We currently use antiquated systems, or bad software based on antiquated systems.

My approach - don’t rely on software. It’s a mentality, not a software. Your CAD should be organized in a future proof structure. Your analysis should reference the hardware by diagram. You should be able to easily find the analysis with nothing more than a hunch. Your drawings should be organized and the numbering should make sense. Create a part numbering schema that gives some information more than just the part number.

Ask yourself every day - if someone asks me where the work I did today is, would I be able to quickly find it?

2 comments

Non-software engineering has needed a git-like version control system for decades now but there are two giant hurdles:

- Designing a UI for resolving merge conflicts is non-trivial and a lot of the visual cues git diff viewers use to highlight conflicts (colors, marker text, etc.) don't translate well into a CAD viewer

- The Autodesks and Bentleys of the world work in proprietary binary files so any solution would only work for one vendor, and sometimes only one flavor of one vendor

Do you use a PDM system?
At work.

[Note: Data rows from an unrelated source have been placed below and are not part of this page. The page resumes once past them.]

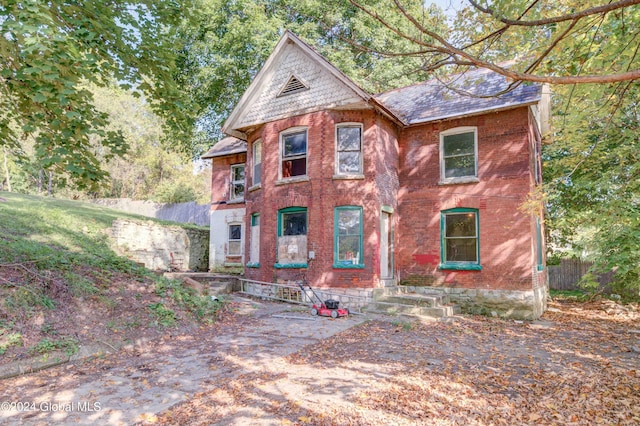 victorian-style house with brick siding and fence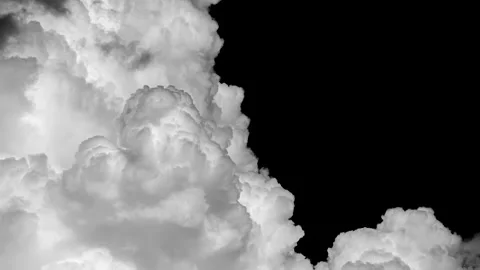 Timelapse of Separate white clouds on a black background have real clouds. Stock Footage 194273004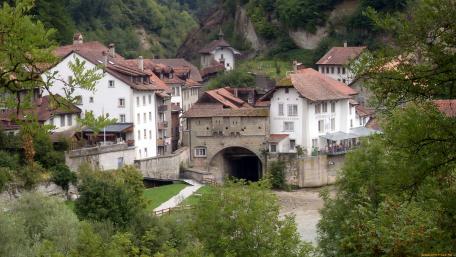 Charming Riverside Village in Lush Greenery wallpaper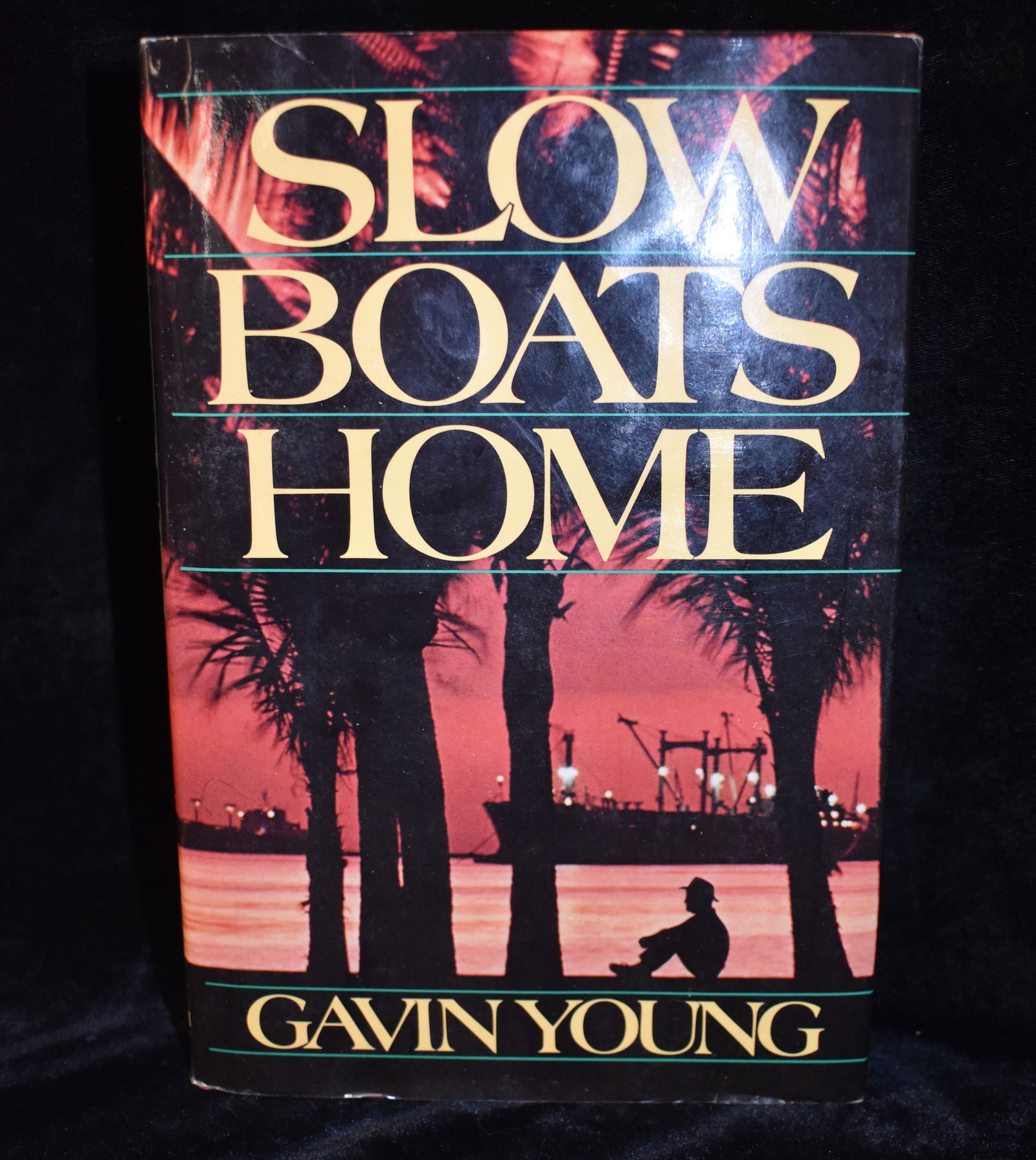 1st Edition SLOW BOATS HOME by Gavin Young, - 1985 Hardback: SLOW BOATS HOME by Young, Gavin. Published by Random House, New York, 1985. 1st American Edition. Excellent condition hardback with dust cover.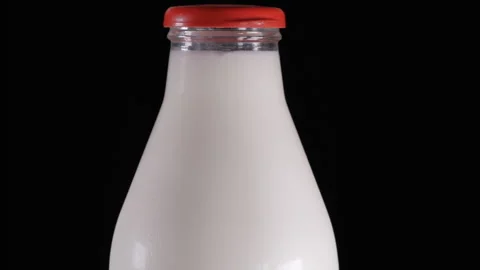 Milk bottle on black background Camera moves smoothly from the bottom to the top Stock Footage 284048410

I think it’s not very good most of the time.
It's all in the setup.

If done properly it can be setup to automate a lot of the tedious work, making the process of designing things much smoother.

If done improperly it adds even more nonsense to all the stuff you already are doing, so it makes the process If desiging things twice as hard and confusing.

The key - have people that have actually used it to design things architect the setup, not professional managers.